### Directions:
Give back the full data, retyped precisely.

Segment Start: Recorded data

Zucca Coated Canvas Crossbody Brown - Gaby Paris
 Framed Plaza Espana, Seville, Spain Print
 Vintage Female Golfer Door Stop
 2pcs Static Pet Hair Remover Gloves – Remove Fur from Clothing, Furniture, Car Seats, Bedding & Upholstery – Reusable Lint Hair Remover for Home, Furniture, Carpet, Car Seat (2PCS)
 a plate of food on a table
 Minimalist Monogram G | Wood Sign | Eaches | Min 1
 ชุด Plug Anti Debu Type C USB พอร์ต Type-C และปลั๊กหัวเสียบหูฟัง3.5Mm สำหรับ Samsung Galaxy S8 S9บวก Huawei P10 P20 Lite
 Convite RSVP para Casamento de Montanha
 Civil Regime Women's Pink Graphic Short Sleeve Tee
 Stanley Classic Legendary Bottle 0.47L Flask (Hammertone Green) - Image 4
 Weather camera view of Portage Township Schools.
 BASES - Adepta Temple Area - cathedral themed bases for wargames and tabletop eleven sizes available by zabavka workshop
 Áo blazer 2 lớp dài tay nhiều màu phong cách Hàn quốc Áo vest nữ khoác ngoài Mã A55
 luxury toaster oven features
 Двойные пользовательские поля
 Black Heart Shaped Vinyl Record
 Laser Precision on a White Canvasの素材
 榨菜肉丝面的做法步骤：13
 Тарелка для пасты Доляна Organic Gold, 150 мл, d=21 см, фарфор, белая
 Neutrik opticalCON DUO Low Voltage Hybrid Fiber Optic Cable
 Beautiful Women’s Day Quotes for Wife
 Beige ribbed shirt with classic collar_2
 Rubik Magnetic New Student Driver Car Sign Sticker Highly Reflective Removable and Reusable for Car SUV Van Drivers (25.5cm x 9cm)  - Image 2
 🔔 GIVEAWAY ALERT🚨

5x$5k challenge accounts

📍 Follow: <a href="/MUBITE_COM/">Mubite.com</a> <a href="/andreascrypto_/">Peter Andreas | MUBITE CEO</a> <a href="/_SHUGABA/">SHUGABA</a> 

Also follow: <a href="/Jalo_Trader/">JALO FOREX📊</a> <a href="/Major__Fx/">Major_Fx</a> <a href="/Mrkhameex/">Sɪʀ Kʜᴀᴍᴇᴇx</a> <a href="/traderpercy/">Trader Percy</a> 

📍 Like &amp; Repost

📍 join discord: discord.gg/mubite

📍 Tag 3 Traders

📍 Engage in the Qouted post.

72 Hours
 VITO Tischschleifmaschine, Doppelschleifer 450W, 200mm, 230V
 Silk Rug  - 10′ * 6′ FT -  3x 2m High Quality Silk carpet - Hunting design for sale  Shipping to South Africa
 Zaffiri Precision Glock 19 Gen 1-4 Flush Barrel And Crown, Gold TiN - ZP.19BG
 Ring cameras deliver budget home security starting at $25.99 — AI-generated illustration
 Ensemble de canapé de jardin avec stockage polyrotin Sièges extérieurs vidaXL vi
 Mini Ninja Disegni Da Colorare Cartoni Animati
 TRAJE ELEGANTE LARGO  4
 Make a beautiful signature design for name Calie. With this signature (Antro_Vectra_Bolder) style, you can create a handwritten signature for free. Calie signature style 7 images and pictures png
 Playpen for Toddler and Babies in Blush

Segment End: Recorded data

### Expected answer:
Zucca Coated Canvas Crossbody Brown - Gaby Paris
 Framed Plaza Espana, Seville, Spain Print
 Vintage Female Golfer Door Stop
 2pcs Static Pet Hair Remover Gloves – Remove Fur from Clothing, Furniture, Car Seats, Bedding & Upholstery – Reusable Lint Hair Remover for Home, Furniture, Carpet, Car Seat (2PCS)
 a plate of food on a table
 Minimalist Monogram G | Wood Sign | Eaches | Min 1
 ชุด Plug Anti Debu Type C USB พอร์ต Type-C และปลั๊กหัวเสียบหูฟัง3.5Mm สำหรับ Samsung Galaxy S8 S9บวก Huawei P10 P20 Lite
 Convite RSVP para Casamento de Montanha
 Civil Regime Women's Pink Graphic Short Sleeve Tee
 Stanley Classic Legendary Bottle 0.47L Flask (Hammertone Green) - Image 4
 Weather camera view of Portage Township Schools.
 BASES - Adepta Temple Area - cathedral themed bases for wargames and tabletop eleven sizes available by zabavka workshop
 Áo blazer 2 lớp dài tay nhiều màu phong cách Hàn quốc Áo vest nữ khoác ngoài Mã A55
 luxury toaster oven features
 Двойные пользовательские поля
 Black Heart Shaped Vinyl Record
 Laser Precision on a White Canvasの素材
 榨菜肉丝面的做法步骤：13
 Тарелка для пасты Доляна Organic Gold, 150 мл, d=21 см, фарфор, белая
 Neutrik opticalCON DUO Low Voltage Hybrid Fiber Optic Cable
 Beautiful Women’s Day Quotes for Wife
 Beige ribbed shirt with classic collar_2
 Rubik Magnetic New Student Driver Car Sign Sticker Highly Reflective Removable and Reusable for Car SUV Van Drivers (25.5cm x 9cm)  - Image 2
 🔔 GIVEAWAY ALERT🚨

5x$5k challenge accounts

📍 Follow: <a href="/MUBITE_COM/">Mubite.com</a> <a href="/andreascrypto_/">Peter Andreas | MUBITE CEO</a> <a href="/_SHUGABA/">SHUGABA</a> 

Also follow: <a href="/Jalo_Trader/">JALO FOREX📊</a> <a href="/Major__Fx/">Major_Fx</a> <a href="/Mrkhameex/">Sɪʀ Kʜᴀᴍᴇᴇx</a> <a href="/traderpercy/">Trader Percy</a> 

📍 Like &amp; Repost

📍 join discord: discord.gg/mubite

📍 Tag 3 Traders

📍 Engage in the Qouted post.

72 Hours
 VITO Tischschleifmaschine, Doppelschleifer 450W, 200mm, 230V
 Silk Rug  - 10′ * 6′ FT -  3x 2m High Quality Silk carpet - Hunting design for sale  Shipping to South Africa
 Zaffiri Precision Glock 19 Gen 1-4 Flush Barrel And Crown, Gold TiN - ZP.19BG
 Ring cameras deliver budget home security starting at $25.99 — AI-generated illustration
 Ensemble de canapé de jardin avec stockage polyrotin Sièges extérieurs vidaXL vi
 Mini Ninja Disegni Da Colorare Cartoni Animati
 TRAJE ELEGANTE LARGO  4
 Make a beautiful signature design for name Calie. With this signature (Antro_Vectra_Bolder) style, you can create a handwritten signature for free. Calie signature style 7 images and pictures png
 Playpen for Toddler and Babies in Blush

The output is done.